Italys post-fact immigration debate
MILAN — In the Italian immigration debate, the facts no longer seem to matter.
Ask an average Italian what percentage of the countrys population was born abroad and the answer youll get — according to the research firm Ipsos Mori — is 26 percent. The actual number is 9.5 percent.
Similarly, 11 months after a sudden, lasting drop in irregular sea arrivals to Italy, 51 percent of Italians still believe the number of migrants arriving in Italian ports is “similar or higher” than before, according to a recent survey published by the newspaper Corriere della Sera. The truth: Arrivals are almost 80 percent lower than they were nearly a year ago.

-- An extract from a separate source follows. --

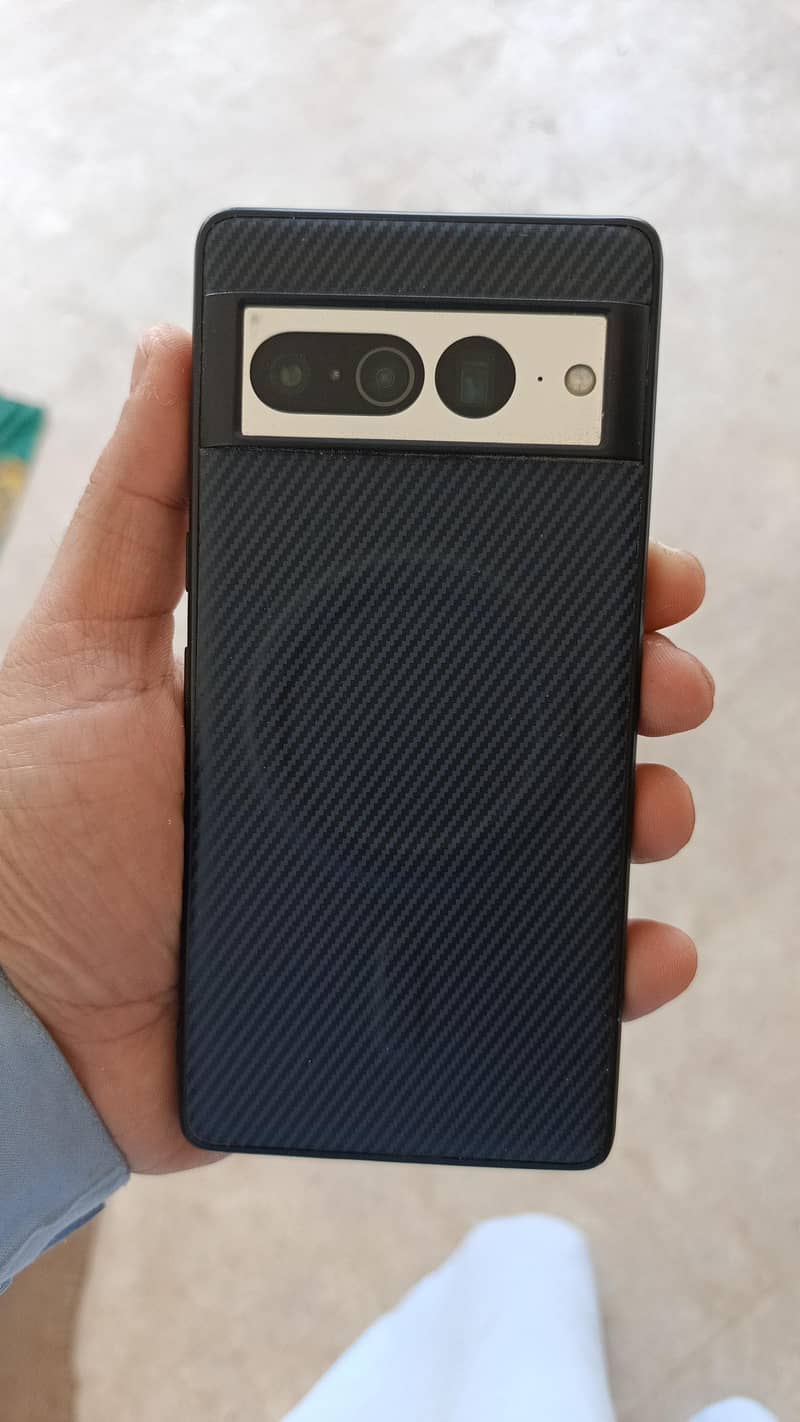Google Pixel 7 pro 1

The problem is not unique to Italy. Across Europe, and indeed the world, the dominant political discourse has become increasingly dissociated from reality. The Ipsos Mori survey found similarly inflated perceptions about the foreign-born population in France, Germany, Belgium and the Netherlands. And, according to another recent study, Germans estimate the unemployment rate among immigrants at 40 percent. The true figure is less than 8 percent.
Despite a proliferation of widely available and ever more accurate data, public perception on immigration continues to be shaped by politicians who happily ignore the facts — or bend the numbers to fit their stories. And the perception they shape is ultimately expressed in both policies and political outcomes.

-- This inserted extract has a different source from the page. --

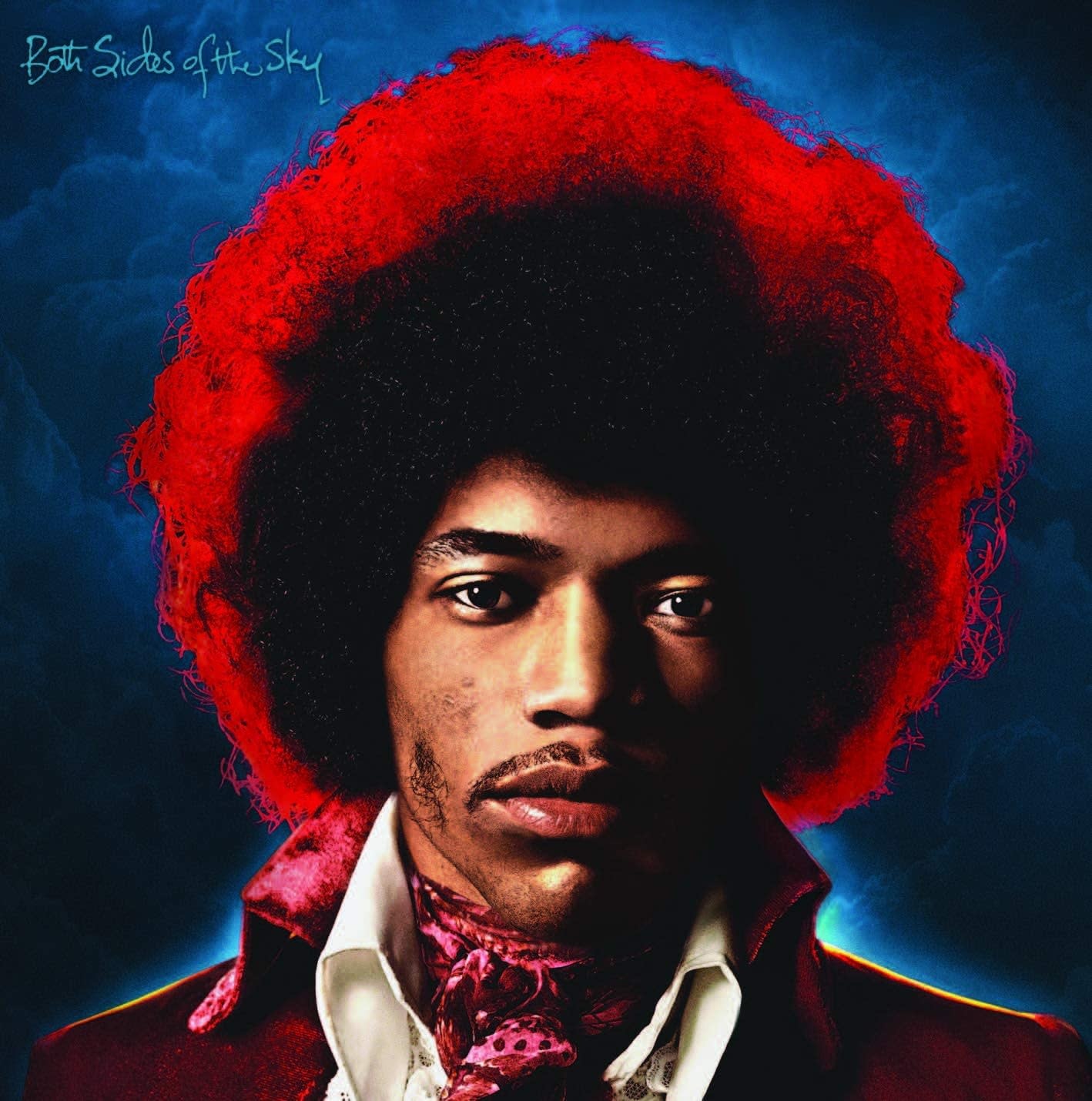 Sony Jimi Hendrix - Both Sides of the Sky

Just look at the headlines. The number of irregular crossings between Germany and Austria has plummeted, but that hasnt stopped the phenomenon from sparking a political crisis in Berlin and Brussels. And despite overwhelming evidence that the biggest driver of migrants across the Mediterranean are conditions back home, the European political discourse remains dominated by the idea that NGO rescue operations are a significant pull factor.
The temptation is to hide behind numbers, dismissing skeptical voices as uninformed, and thus not worthy of attention. This has not worked in the past, and it will not work today.
The devaluation of data has critical implications for policymaking; its impact is even being felt in the traditionally technocratic realm of long-term planning in the European Union. In its proposal for the 2021-2027 Multiannual Financial Framework (the blocs seven-year budget), for example, the European Commission has proposed nearly tripling the amount of money devoted to asylum and migration, from €13 billion to €35 billion.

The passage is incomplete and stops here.